Why? The main reasons for not attempting this are because the bridge rail at the base of the guitar and the capo rail at the head of the guitar have a set of slots (or grooves) which are designed to hold the common string diameters which start with the thicker top E string and decrease in size to the thinner and lower E string. Also, many guitars have a comfort cut out and finger guard both of which are purposely located for right or left handed guitars. (See The anatomy of an Acoustic guitar)
Fig. 1 Right Handed Guitars
The vast majority of people play the guitar right handed.
This means the right hand is used to strum or pick the strings and the left hand is used to form the chords or finger the notes. See fig.1
Generally when choosing a guitar, unless you state otherwise you will normally be sold a right handed instrument.
It is therefore essential to specify this right from the start.
It is also important to understand that which ever way you decide to play, both hands are going to have to learn some deft skills in order to achieve a high degree of manual dexterity.
Fig. 2 Left Handed Guitars
Since the 1950's and onwards the left handed guitars have gained a level of notoriety in the hands of a number of iconic rock legends.
The late great Jimmy Hendrix, Paul McCartney and Kurt Cobain all played left handed Guitars, along with many others, too few to mention.
Whilst left handed guitars are certainly available today, the range is limited and you may have to pay a premium, not necessarily right now, but maybe at a future time if you are drawn to a particular brand. Consideration should also be given to selling on a left handed guitar, as lack of demand can make this a difficult task.
Be aware that when you hold any guitar for the very first time it can feel very awkward, and this feeling can grow still further when you try and coordinate left and right hands. The time involved in overcoming this is normally short lived providing you choose the right beginner guitar and of course practice regularly. This is why I always recommend starting right handed if you can. Don't be fooled into thinking a lack of progress is purely down to your choice of hand. It's arguably just as hard (or easy) to master either right or left hand, therefore choosing right hand simply makes more sense.

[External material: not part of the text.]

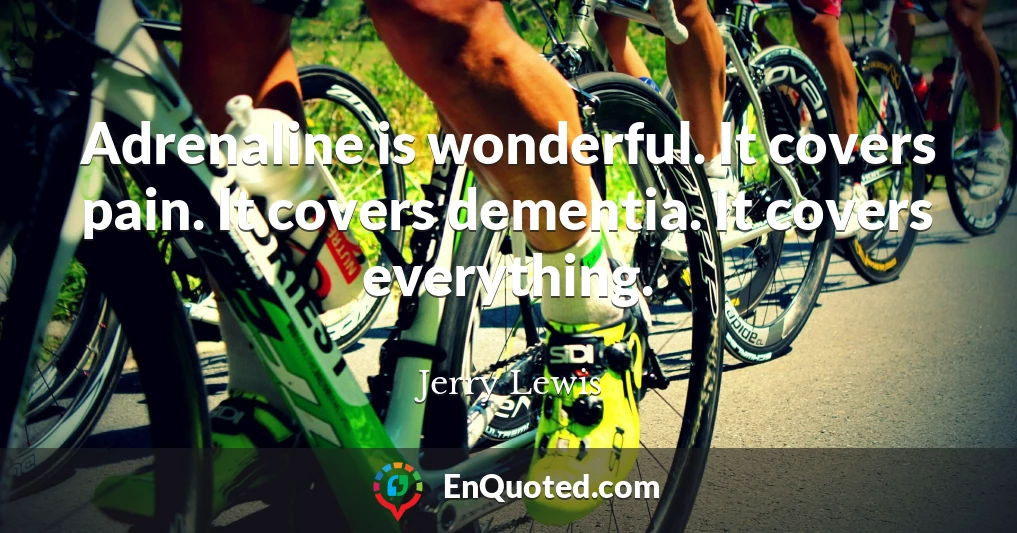 Adrenaline is wonderful. It covers pain. It covers dementia. It covers everything.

And finally. Mastering the guitar is all about comfort, feel and touch. Therefore, if the instrument feels more natural and comfortable left handed and you have considered everything I have mentioned above, then of course go ahead and learn the way that feels best for you. Just be aware that you will need your strongest hand for the fret board (In the case of a right hander that’s your left and Visa- versa) and this is of special importance for forming barre chords. A barre chord requires a strong index finger to bar all six strings.